Take from the records below each line that holds "Black".

[Opening Source data section]

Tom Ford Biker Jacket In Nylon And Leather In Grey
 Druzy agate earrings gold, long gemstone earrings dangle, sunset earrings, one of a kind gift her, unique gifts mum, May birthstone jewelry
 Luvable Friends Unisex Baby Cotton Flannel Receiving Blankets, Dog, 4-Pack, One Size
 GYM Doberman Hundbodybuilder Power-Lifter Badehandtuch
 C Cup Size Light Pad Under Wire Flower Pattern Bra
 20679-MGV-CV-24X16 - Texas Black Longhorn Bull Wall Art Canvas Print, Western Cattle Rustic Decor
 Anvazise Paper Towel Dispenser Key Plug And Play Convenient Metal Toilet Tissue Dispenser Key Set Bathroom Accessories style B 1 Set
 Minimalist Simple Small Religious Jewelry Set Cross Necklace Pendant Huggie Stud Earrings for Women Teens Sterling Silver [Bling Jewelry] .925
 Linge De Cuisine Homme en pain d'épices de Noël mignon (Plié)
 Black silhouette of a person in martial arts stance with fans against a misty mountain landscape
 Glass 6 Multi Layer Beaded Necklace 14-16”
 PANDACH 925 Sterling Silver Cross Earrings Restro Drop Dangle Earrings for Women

[Closing Source data section]

The answer:
 20679-MGV-CV-24X16 - Texas Black Longhorn Bull Wall Art Canvas Print, Western Cattle Rustic Decor
 Black silhouette of a person in martial arts stance with fans against a misty mountain landscape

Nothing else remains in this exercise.